Als Leistungsschau bei einer Messe wäre das beeindruckend, doch inhaltlich läuft dieses Räumchen-Wechsel-dich-Spiel ins Leere. Denn in den Zimmern, Laboren und Hallen findet ödes Rumsitztheater statt. Göttervater Wotan ist bei Tcherniakov der Leiter eines Forschungsinstituts, die Handlung scheint vor einigen Jahrzehnten zu spielen, so suggerieren zumindest Kleidung und Inneneinrichtung. So dröge, wie es unter Wissenschaftlern zugehen kann, agieren die Figuren. Vor allem sind die ständig auf der Suche nach einem Stuhl.

Dass der Regisseur alle Zauberelemente der Handlung verweigert, macht die Chose nicht gerade spannender. Es ist also kein Rheingold zu sehen, weder in der Eröffnungsszene noch am Ende, wenn die von den Riesen als Faustpfand verschleppte Freia in Edelmetall aufgewogen wird. Und auch der Tarnhelm funktioniert nicht, Alberich verwandelt sich weder in den „Riesenwurm“ noch in die Kröte, sondern ist hier nur ein irrer Laborleiter, der schlussendlich in die Psychiatrie eingewiesen wird. Dafür müssen die Götter Donner und Froh im Finale, das hier eine Betriebsfeier ist, blöde Zaubertricks vorführen. Zum Fremdschämen.

Wenn es darum geht, aus ihren Rollen Charaktere zu machen, müssen sich die Solist:innen also ganz auf ihre Stimmen verlassen. Für Michael Volle stellt das natürlich kein Problem dar, sein Wotan ist ein akustisches Chamäleon, kann seriös-sonor klingen wie ein Tagesschau-Sprecher, aber eben auch poltern, schleimen, verschwörerisch flüstern, selbstmitleidig jammern. Claudia Mahnkes Göttergattin tritt als starke Frau auf, vokal absolut klar und kraftvoll, weit entfernt von den hysterischen Frickas, die üblicherweise durch den „Ring“ geistern. Als Riese Fasolt beeindruckt Mika Kares mit seinem wahrlich hünenhaften Bassbariton, Johannes Martin Kränzle singt den Alberich facettenreicher, als er ihn spielen darf.  

Geht es Dmitri Tcherniakov um Realismus, will er eine Farce aus dem Forschermilieu erzählen? Warum aber kann Alberich, der zu Beginn ein verkabelter Proband in einem Labor ist, die auf dem Flur herumlungernden Rheintöchter durch die Glasscheiben problemlos verstehen? Warum schreitet keiner der im Hintergrund zuschauenden Wissenschaftler ein, als er – von seiner Libido getrieben –, beginnt, im Labor zu randalieren?

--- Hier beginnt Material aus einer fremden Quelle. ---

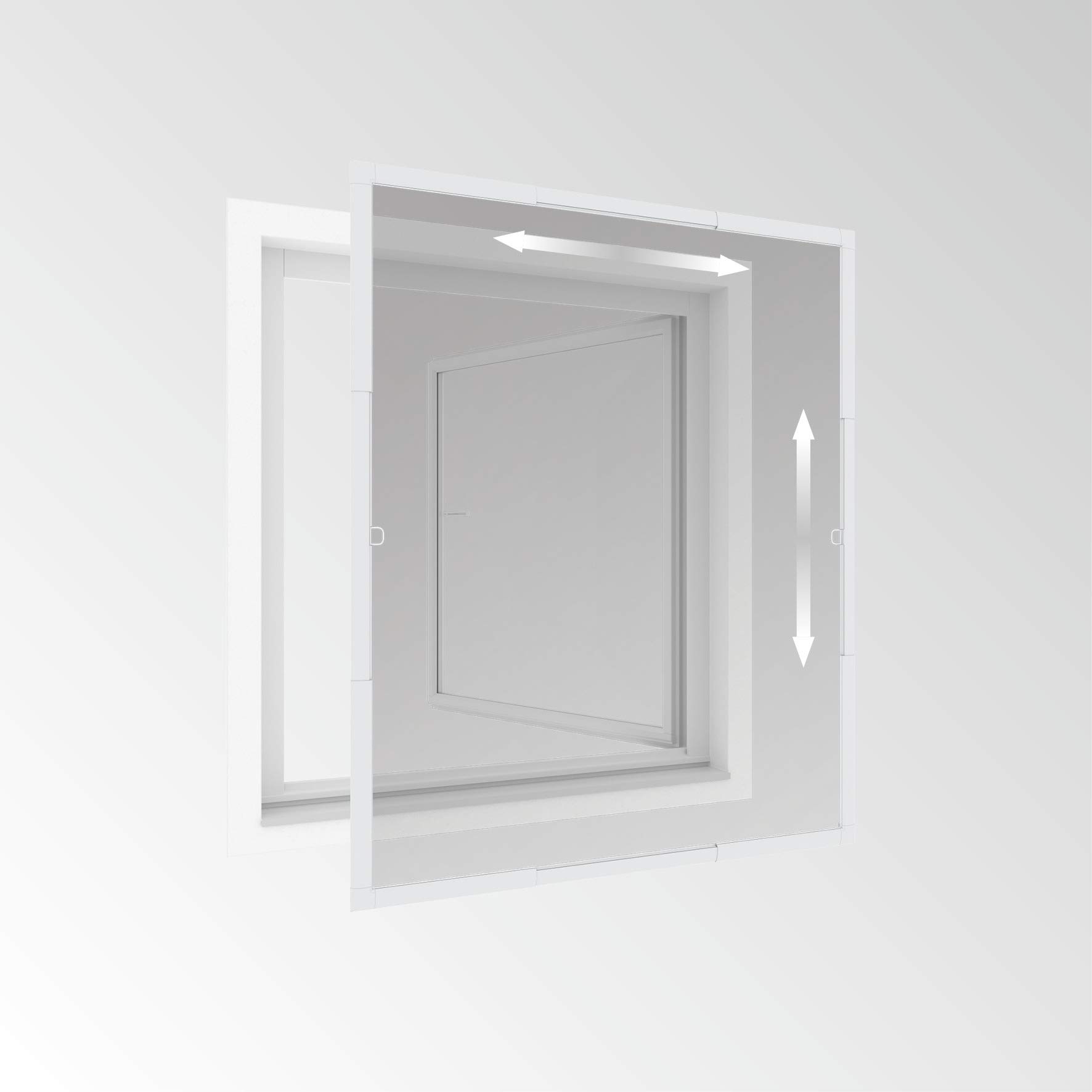 Windhager FLEXI Fit 04305 moskitiera teleskopowa, bez piłowania, zestaw do samodzielnego montażu, 130 x 150 cm, kolor biały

Für die kommenden drei Premierenabend bleibt also nur, sich an Rolando Villazons Weisheit zu halten: „Wenn man es schafft, nur das Gute zu nehmen, bekommt man Schönheit, die Welt wird kurz besser.“

Der RBB sendet die weiteren „Ring“-Premieren am live auf seiner Welle „RBB Kultur“, am 6. und 9. Oktober jeweils ab 16 Uhr. Arte strahlt „Rheingold“ am 29. Oktober aus, ab dem 19. November wird dann der gesamte Staatsopern-„Ring“ unter www.arte.tv/concert abrufbar sein.